Va confermata la non necessità, ai fini del riconoscimento della risarcibilità del danno da perdita del rapporto parentale, della prova della convivenza tra il parente defunto e il richiedente ristoro per il danno non patrimoniale subito, evidenziando che i congiunti dell’ucciso devono piuttosto provare l’effettività e la consistenza della relazione parentale, rispetto alla quale il rapporto di convivenza non assurge a connotato minimo di esistenza, ma può costituire elemento probatorio utile a dimostrarne l’ampiezza e la profondità, in virtù dell’attribuzione alla convivenza del valore di indice della sussistenza della sofferenza interiore patita dal congiunto, privo tuttavia del carattere di assoluta necessità o di esclusività. In applicazione dei suesposti principi non pare dubitabile il riconoscimento del danno da perdita del rapporto parentale ai fratelli non conviventi del de cuius per il vincolo parentale a suo tempo esistente, tale da fare presumere la lesione dell’aspetto interiore del danno, quale intimo dolore subito per la perdita del prossimo congiunto (il Giudice di primo grado, in ordine alla pretesa risarcitoria azionata dai fratelli della vittima del sinistro per la lesione del diritto costituzionalmente tutelato alla prosecuzione del rapporto parentale ha desunto, ex art. 2727 c.c., la sussistenza in capo agli attori di un pregiudizio non patrimoniale in termini di sofferenza per la prematura perdita del fratello, considerando la natura del legame di fratellanza tra i predetti e la vittima e tenendo conto della giovanissima età della vittima e l’età ravvicinata tra i fratelli ed il deceduto. Al riguardo il primo Giudice, con ciò uniformandosi alla giurisprudenza di legittimità, non ha valorizzato l’assenza di prova dell’effettivo rapporto tra fratelli e la residenza degli stessi in Paesi diversi, ed ha correttamente ritenuto di valutarle in relazione alla determinazione del quantum della pretesa risarcitoria).

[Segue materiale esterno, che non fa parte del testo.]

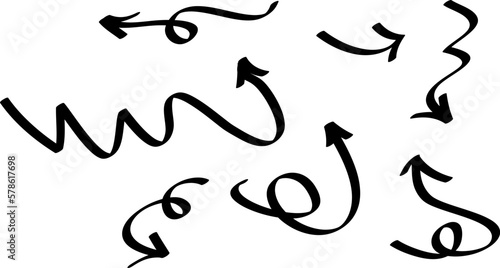 Hand drawn arrows set on a white background. Vector art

Va ribadito il principio secondo cui, in caso di perdita definitiva del rapporto parentale, ciascuno dei familiari superstiti ha diritto ad una liquidazione comprensiva di tutto il danno non patrimoniale subìto, in proporzione alla durata e intensità del vissuto, nonché alla composizione del restante nucleo familiare in grado di prestare assistenza morale e materiale, avuto riguardo all’età della vittima e a quella dei familiari danneggiati, alla personalità individuale di costoro, alla loro capacità di reazione e sopportazione del trauma e ad ogni altra circostanza del caso concreto, da allegare e provare da parte di chi agisce in giudizio. Tali elementi, seppur non indispensabili per il riconoscimento del diritto al risarcimento del danno non patrimoniale, devono comunque essere valutati, insieme ad ogni altra circostanza del caso concreto, ai fini della quantificazione dell’entità del risarcimento (sotto tale profilo va evidenziata l’assenza di elementi connotanti maggiormente il legame affettivo parentale stante l’assenza della convivenza tra i fratelli, che rappresenta un dato probatorio utile a dimostrare l’ampiezza e la profondità dell’asserita esistenza di costanti rapporti di reciproco affetto e solidarietà con il parente defunto e la lontananza geografica tra i luoghi di residenza degli appellanti e la vittima).
NDR: sulla prima massima si veda Cass. 7743/2020 e 14422/2021; sulla seconda 14655/2017.